IT managers can improve the energy efficiency and cut the costs of their datacentres by putting a layer of dirt on the roof, claims Phil Nail, the IT manager of Internet services provider ASIO.net.
It’s called a ‘green roof’ and it involves putting about three to four inches of dirt on the roof and planting bush-type, drought-resistant plants. It will cost the ASIO.net about $30,000 (15,381) to cover 2,000 square feet over a datacentre that houses about 300 servers. But Nail believes his green roof may cut the datacentre’s cooling needs by half.

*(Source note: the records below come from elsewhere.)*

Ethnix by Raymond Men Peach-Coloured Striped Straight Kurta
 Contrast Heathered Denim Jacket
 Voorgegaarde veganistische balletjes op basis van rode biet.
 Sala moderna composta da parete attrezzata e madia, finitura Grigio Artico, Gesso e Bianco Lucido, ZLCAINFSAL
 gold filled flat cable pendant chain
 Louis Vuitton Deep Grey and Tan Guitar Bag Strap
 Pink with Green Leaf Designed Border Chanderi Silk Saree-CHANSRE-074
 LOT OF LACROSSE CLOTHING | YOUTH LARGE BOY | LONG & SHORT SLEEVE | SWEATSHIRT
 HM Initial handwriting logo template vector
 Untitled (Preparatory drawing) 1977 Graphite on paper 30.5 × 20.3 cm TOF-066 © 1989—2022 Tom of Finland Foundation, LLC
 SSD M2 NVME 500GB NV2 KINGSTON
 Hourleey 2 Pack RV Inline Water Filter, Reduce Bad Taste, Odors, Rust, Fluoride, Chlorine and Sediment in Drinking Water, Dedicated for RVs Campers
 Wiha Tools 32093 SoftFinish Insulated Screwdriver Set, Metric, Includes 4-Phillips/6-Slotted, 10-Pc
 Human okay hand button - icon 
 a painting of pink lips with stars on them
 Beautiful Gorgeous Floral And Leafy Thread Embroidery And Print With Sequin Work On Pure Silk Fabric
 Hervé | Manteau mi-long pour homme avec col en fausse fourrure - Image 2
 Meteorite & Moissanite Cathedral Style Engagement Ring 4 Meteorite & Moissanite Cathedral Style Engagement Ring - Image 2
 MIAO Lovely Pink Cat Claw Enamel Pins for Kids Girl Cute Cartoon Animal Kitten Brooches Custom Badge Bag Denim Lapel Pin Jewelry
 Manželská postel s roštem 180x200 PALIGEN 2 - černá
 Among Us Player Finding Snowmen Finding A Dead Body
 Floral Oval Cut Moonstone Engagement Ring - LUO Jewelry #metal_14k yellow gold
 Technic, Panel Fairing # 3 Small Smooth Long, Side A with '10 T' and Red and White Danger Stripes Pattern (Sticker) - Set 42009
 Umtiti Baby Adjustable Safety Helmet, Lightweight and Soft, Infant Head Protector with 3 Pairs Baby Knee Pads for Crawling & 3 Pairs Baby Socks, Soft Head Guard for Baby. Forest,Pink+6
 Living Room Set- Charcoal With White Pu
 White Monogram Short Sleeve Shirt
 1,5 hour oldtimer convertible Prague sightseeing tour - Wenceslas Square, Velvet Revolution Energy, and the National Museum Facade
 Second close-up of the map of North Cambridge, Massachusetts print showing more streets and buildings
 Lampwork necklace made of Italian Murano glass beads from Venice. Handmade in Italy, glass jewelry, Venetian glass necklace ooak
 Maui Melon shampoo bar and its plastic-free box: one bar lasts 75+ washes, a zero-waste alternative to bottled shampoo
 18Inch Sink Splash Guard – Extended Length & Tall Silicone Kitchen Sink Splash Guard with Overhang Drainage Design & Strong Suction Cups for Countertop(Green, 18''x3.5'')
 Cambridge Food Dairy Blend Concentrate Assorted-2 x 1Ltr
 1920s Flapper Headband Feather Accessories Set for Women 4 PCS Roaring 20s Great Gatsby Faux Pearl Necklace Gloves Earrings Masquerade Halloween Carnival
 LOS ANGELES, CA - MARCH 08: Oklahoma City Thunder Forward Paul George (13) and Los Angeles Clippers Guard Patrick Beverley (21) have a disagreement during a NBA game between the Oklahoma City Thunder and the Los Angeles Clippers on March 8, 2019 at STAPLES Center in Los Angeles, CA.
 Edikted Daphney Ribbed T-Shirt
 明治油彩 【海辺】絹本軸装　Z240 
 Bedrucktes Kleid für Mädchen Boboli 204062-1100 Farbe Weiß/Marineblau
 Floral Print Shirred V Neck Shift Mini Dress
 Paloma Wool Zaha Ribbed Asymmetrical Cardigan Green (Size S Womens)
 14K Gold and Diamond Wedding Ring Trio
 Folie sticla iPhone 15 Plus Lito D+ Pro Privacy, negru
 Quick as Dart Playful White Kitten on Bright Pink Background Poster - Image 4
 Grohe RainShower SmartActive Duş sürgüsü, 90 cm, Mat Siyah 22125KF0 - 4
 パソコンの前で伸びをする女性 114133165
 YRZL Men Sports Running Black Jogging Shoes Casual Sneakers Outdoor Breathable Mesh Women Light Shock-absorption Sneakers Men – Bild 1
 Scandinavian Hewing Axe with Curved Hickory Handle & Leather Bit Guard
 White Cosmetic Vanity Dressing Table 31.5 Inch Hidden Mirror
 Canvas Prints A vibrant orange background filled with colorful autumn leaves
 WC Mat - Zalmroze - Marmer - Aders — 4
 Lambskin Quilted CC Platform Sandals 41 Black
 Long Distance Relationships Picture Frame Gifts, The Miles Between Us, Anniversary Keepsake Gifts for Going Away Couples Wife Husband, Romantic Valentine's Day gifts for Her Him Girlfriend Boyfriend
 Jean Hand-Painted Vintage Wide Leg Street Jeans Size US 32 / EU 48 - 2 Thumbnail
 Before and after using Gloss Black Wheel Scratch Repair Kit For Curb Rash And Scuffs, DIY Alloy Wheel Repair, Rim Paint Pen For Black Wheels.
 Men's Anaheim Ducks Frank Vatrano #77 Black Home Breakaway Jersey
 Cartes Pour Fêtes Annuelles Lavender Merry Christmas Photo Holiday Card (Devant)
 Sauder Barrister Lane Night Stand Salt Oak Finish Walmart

ASIO.net is ahead of most in adopting green technologies. The firm already uses solar panels that generate 12 kilowatts electricity, enough to power his servers and lighting. But California wants to see many more companies add solar power to the mix and began offering this January a $2.50 (£1.28)-per-watt tax rebate for systems of up to one megawatt in size. Its California initiative has budgeted $2.9 billion (£1.5bn) for incentives over 10 years.
Globally, solar energy use is an approximately $15bn (£7.7bn) industry. But research firm IDC estimates that US spending accounts for only about 10 per cent of the global market.
“For most companies to invest in what is perceived as novel energy technologies is a tough sell,” said Nicholas Lenssen, an IDC analyst. “Most companies want a two- to three-year payback. But, by and large, there isn’t a whole lot of interest in onsite generation.”
The costs are often high, making incentives critical. For instance, a solar-power-based 500-kilowatt system would cost about $3.5 million (£1.8m) based on an estimated cost of about $7 (£3.59) per watt to buy and install it. California’s credits can cut that cost by about $1.5m (£769.100), and federal tax credits would reduce it by another $1m (£512,700) or so, according to Rhone Resch, the president of the Solar Energy Industries Association, an industry group.
Resch estimates that the bottom-line cost of system would be about $1.3m (£666,500).
Any return on investment depends on how much a user is paying for electricity, although Resch said a six- to eight-year payback for a large user would not be unusual. And since a business would likely finance the project, it could generate a positive cash flow from the investment immediately, he said.
Another green approach was taken by Alan Hirsch, executive vice-president of Sea Gull Lighting Products. Last Autumn, he completed a 500-kilowatt system that provides 20 per cent of the power needs for a 500,000-square-foot warehouse Monday through Friday. On weekends, the panels can provide all of the power needed. The solar panels take up about 60,000 square feet on his warehouse roof.
Hirsch’s company is using SunEdison a solar services company that installs the system and continues to own it. Sea Gull, however, pays a rate for the electricity it uses that’s below what it would pay if it bought from a local power provider, he said.
As long as the price of electricity doesn’t go down, Hirsch said, the agreement with SunEdison makes sense. “I don’t know of anybody who thinks electricity is going to be cheaper,” he said.